An admitted student and his father walked through the admissions office door during one of my shifts last week. The father asked me, “Is Dartmouth a really big party school? Because if so, it probably isn’t the right place for my son.” I had no time to share with him everything I had on my mind. My brief answer to them was that Dartmouth is known for far more important things than its Greek culture and that while no campus will ever be perfect, the issues that plague us also plague every other elite institution in the country. I then passed them on to an admissions officer, who sat down with them for a lengthier conversation.

I thought about the answer I gave to that kid’s father, and the hundreds of similar answers I had given to visitors, prospective students and admitted students. Those answers were never enough. They never felt satisfying — not to me, and likely not to them. Worst of all, they never felt honest.

Whenever I am asked what I dislike about Dartmouth, I feel an inherent obligation, as someone who works in admissions, to sugarcoat the negatives. My job is to present Dartmouth in a good light, to attest as enthusiastically as possible to it being a college worth attending, and part of that job involves a level of deception.

The peak of my pride in Dartmouth was when I opened my acceptance letter. Gradually, the disappointment, frustration and isolation I have experienced here has left a bitter taste in my mouth.

Some of that is particular to me or is to be expected with any institution or environment. But we hide behind that excuse. We are not perfect, and it seems like we have given up any attempt to be. We have gained a harmful reputation as a “party school,” and instead of trying to correct it, we have embraced it and turned it into an object of perverse pride.

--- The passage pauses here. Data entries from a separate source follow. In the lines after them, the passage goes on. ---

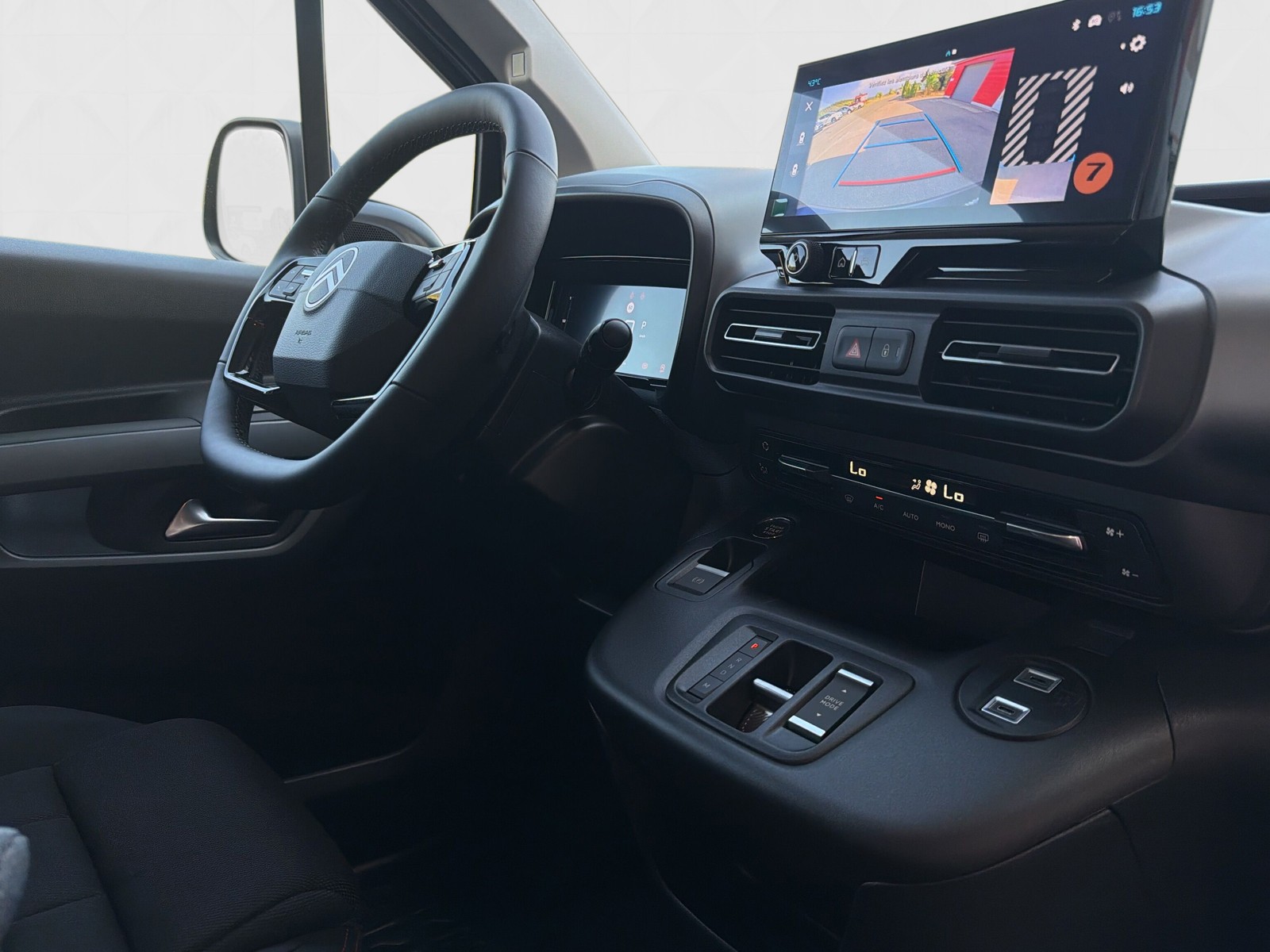 CITROEN Berlingo 1.5 BlueHDi 130 M Berlingo 30 EAT8-image-9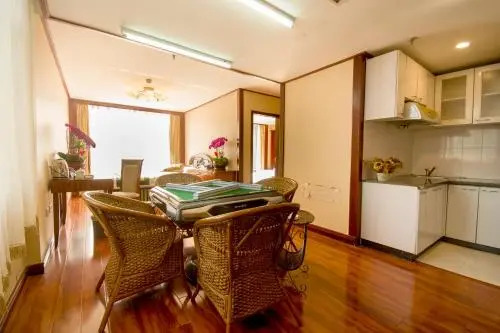 Yicheng Business Hotel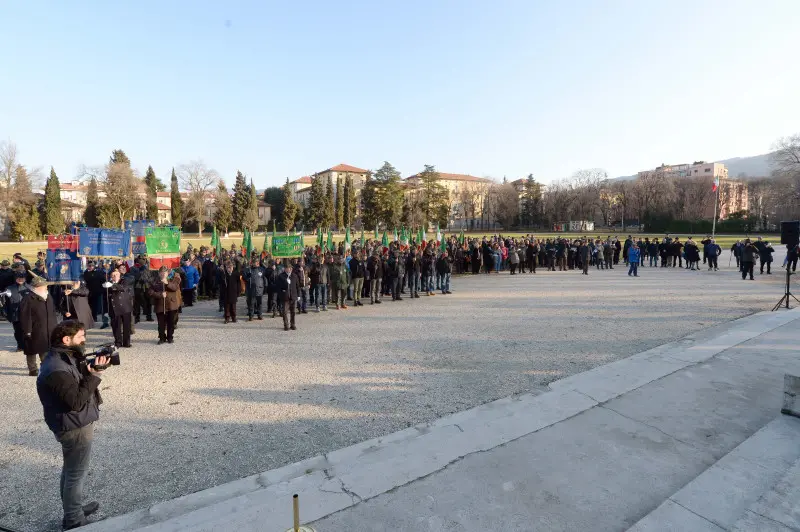 La cerimonia di intitolazione di Campo Marte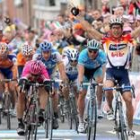 McEwen celebra su triunfo al llegar a la línea de meta en la segunda etapa del Giro de Italia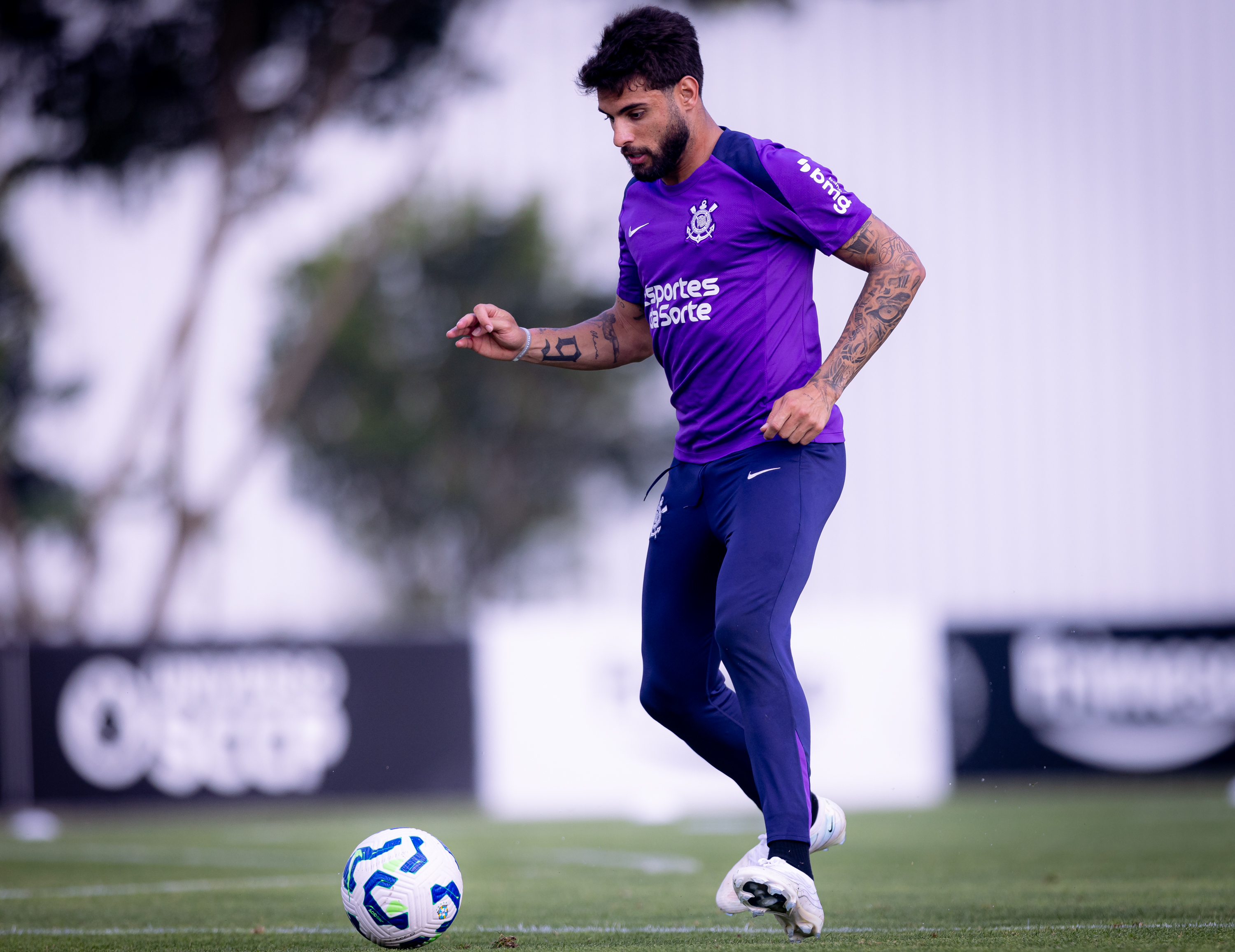 Corinthians se reapresenta com treino tático e aguarda volta de dupla decisiva em impasse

In a complicated mesh of misinterpreted traditions, stereotypes we think are far too ingrained to correct and a problematic “work hard, play hard” mantra lies an inability to cope with our stress. For most of us, binge drinking and meaningless hookups give our overloaded selves a temporary escape — until we wake up the next morning, hungover, sinking deeper into the quicksand of problems that always blow up just when we think they’ll go away. The next weekend, we turn again to alcohol and hookups until we form a cycle that is almost impossible to break.

Most of us are aware that our coping mechanisms are ineffective. But we have entrenched them so deeply into our culture that trying to break away means accepting outsider status. We are afraid of facing our problems sober. We are afraid of doing anything without someone by our side. We are afraid of not belonging.

While no one is immune from the issues we face and there are plenty of campuses across the nation that have it worse, we are uniquely equipped to be far better than we are. The common excuse for our heavy drinking culture and pervasive Greek system is isolation. But that’s counterintuitive. City schools where peace and quiet are rare if nonexistent are just as “ragey.” Their level of stress is not comparable with ours. We live in a small, peaceful town, surrounded by beautiful nature. When we resort to drinking for entertainment and stress relief, we ignore everything around us that makes Dartmouth remarkable. We have no excuse to be called a “party school” when we have open rivers and hiking trails that students around the country can only dream of — natural, healthy outlets to relieve our stress.

I want the enthusiasm with which I speak about Dartmouth to be more than a mask I take off after my shift is over. I want us to be a place where students come for a healthy education, not liver damage. We can take advantage of what we have around us, we can find more sustainable ways to cope with pressure and we can be stronger, individually and communally. Making Dartmouth more attractive to future generations is not something we can leave to the surface-level solutions of the administration. Students need to take the initiative. We do not only need to be better. We owe it to those who made Dartmouth home for us and to those for whom it will be home once we leave.